Democratic Socialist Movement

For Struggle, Solidarity and Socialism in Nigeria

By - DSM




The West African Examination Council (WAEC), which is a recognized body conducting final examination for Senior School Certificate, has in the wake of registering candidates for the 2010 Nov/Dec. West African Senior School Certificate Examination (WASSCE External) introduced a new wave of exploitation of intending candidates. The registration of prospective candidates via internet which started on the 23rd of April 2010 and closed on the 30th of June 2010 officially cost N5, 450 while the penalty for late registration attracts an additional N5, 000!

The Education Rights Campaign (ERC) condemns these charges as they are totally beyond what children of poor working class parents can afford. At the same time, the action of WAEC in charging an additional N5, 000 for late registration is fraudulent, exploitative and morally unacceptable.

As is generally known, registration which is via the internet is always difficult to accomplish by the candidates within the stipulated period especially in a deprived society like Nigeria where internet service is very poor and sometimes hard to come by. Despite the recent expansion of internet access and usage in Nigeria, it is on record that most rural communities have no internet facilities or cyber cafes. In many of these communities, electricity is a rarity not to talk of internet facilities. Candidates resident in such areas are therefore faced with the enormous challenge of travelling to the cities to jostle for space in overcrowded cyber cafes to register.

Aside this, the integrity of the official website of the West African Examination Council (WAEC) through which registration is done is questionable due to the barrage of complaints by prospective candidates that have become associated with it since electronic registration was introduced by the examination body. For instance, several candidates trying to register for the 2010 Nov/Dec WASSCE (External) have complained that the server of the official website of the examination body was slow or unavailable at all on the last day of registration while many candidates had already created an internet account with WAEC.


(1) The penalty fee for late registration of candidates in 2008 was N1, 000 and increased to N1, 100 in 2009. Therefore, the increment to N5, 000 in 2010 is outrageous and exploitative and does not conform to the current prevailing economic trend anywhere in world. For instance, what does WAEC lose by allowing more candidates to register after the stipulated period? If the late registration fee is a penalty, what really is WAEC penalizing such candidates for? Why must the penalty involve the candidates paying a whopping N5, 000 to WAEC?

(2) Prospective candidates that have already created an internet account with the WAEC website and whose registration cards would be otherwise useless should be deemed to have logged-in into WAEC registration website and are therefore not late for registration.

Against the above background, the practice of late registration is therefore condemnable and vexatious.
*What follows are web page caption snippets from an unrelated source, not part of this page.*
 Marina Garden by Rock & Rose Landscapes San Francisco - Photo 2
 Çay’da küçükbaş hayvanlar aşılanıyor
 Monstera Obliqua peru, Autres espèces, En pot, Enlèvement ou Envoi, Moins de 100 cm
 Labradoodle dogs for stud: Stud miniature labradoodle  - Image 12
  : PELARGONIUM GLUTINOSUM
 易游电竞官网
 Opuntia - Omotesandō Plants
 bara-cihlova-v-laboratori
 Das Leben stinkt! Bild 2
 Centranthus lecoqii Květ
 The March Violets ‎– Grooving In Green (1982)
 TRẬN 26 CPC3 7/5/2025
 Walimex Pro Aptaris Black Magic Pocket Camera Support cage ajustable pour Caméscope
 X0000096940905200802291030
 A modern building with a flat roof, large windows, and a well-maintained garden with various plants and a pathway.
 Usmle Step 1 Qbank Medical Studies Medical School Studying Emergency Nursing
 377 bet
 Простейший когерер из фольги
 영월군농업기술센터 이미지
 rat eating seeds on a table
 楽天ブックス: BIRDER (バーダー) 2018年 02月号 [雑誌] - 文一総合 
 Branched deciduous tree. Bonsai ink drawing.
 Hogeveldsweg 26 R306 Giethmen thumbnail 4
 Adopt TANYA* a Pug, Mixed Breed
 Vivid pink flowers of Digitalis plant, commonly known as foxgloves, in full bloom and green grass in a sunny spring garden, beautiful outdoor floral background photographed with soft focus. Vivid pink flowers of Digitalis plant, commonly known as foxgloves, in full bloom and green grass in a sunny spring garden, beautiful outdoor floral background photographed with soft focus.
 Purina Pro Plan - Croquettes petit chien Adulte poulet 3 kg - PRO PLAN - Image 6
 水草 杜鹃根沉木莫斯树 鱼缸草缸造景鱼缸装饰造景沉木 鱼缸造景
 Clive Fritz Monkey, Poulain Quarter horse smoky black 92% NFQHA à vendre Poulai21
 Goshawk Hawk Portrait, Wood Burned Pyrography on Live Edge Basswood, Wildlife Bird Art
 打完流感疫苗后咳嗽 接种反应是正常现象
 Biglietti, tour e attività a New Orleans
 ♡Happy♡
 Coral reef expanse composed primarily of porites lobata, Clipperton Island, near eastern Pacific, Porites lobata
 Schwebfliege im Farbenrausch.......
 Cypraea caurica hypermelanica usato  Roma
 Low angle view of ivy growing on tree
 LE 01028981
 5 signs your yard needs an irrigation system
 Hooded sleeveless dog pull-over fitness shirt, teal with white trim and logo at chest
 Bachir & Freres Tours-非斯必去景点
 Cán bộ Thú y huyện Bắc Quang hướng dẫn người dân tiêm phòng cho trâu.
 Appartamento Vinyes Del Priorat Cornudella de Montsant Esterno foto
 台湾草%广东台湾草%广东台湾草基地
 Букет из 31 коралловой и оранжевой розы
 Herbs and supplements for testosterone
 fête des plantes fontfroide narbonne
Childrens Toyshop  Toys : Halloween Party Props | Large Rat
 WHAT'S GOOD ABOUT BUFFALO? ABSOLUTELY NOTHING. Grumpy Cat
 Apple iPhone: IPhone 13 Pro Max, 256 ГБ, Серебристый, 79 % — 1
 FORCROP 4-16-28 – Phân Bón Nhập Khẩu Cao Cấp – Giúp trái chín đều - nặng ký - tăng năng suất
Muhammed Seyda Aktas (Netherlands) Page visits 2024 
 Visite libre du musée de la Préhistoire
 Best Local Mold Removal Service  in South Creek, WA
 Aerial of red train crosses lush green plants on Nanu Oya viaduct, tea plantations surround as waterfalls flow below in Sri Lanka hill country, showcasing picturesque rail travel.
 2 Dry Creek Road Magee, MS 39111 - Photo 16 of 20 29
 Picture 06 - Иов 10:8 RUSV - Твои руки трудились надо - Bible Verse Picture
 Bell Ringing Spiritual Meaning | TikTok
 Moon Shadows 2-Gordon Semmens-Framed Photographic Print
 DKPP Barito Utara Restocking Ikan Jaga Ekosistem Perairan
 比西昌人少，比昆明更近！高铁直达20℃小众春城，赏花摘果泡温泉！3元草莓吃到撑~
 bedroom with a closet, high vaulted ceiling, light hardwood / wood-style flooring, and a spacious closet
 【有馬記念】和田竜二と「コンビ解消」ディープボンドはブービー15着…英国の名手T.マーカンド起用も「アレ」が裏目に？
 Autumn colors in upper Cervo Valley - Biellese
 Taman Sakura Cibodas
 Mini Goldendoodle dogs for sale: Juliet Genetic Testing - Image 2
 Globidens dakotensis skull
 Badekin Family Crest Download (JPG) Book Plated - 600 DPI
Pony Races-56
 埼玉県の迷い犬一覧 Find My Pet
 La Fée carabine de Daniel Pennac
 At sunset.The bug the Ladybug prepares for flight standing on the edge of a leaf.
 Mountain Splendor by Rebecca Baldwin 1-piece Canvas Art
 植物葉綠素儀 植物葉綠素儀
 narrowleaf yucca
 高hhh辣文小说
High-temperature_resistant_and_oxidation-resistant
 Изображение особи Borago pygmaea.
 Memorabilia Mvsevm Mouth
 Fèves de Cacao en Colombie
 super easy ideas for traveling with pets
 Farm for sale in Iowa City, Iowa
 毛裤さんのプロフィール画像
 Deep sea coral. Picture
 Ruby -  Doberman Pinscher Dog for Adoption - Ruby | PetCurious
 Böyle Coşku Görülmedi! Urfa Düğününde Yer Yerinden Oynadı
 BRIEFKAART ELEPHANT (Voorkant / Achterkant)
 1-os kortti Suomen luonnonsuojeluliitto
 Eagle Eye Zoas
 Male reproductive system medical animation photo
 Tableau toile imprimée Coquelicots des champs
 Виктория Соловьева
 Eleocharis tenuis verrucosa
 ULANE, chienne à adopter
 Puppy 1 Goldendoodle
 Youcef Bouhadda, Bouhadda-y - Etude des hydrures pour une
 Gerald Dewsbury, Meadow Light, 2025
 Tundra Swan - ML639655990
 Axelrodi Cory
It amounts to exploitation and extortion of hapless candidates and their poor parents. We therefore see these actions of the WAEC as a calculated attempt to exploit Nigerian students seeking educational qualifications through the examination body, increase the cost of education and deprive them of their rights to education.


(1) Immediate cancellation of late registration charges as it is fraudulent and exploitative means to extort candidates

(2) Immediate refund of all payments made for late registration

(3) The category of candidates who have already created an internet account on 30th June 2010 (which is the last day of registration) with the WAEC must be taken not to have flouted the registration beyond and must therefore be allowed to complete registration free of any extra charges.

(4) Extension of period within which forms are sold and registrations are done. This must be well publicized in electronic and print media to allow prospective candidates take advantage of the grace period to register for the examination.

(5) Immediate upgrading and improvement of the website of the WAEC to enable it provide a flawless and cheap means of registration for examinations.

(6) For democratization of the decision making bodies of West African Examination Council (WAEC) to include the involvement of elected representatives of students, teachers and parents in order to allow those concerned to monitor the activities of the examination body unlike presently when decisions that affect candidates’ life are taken by a few unelected officials.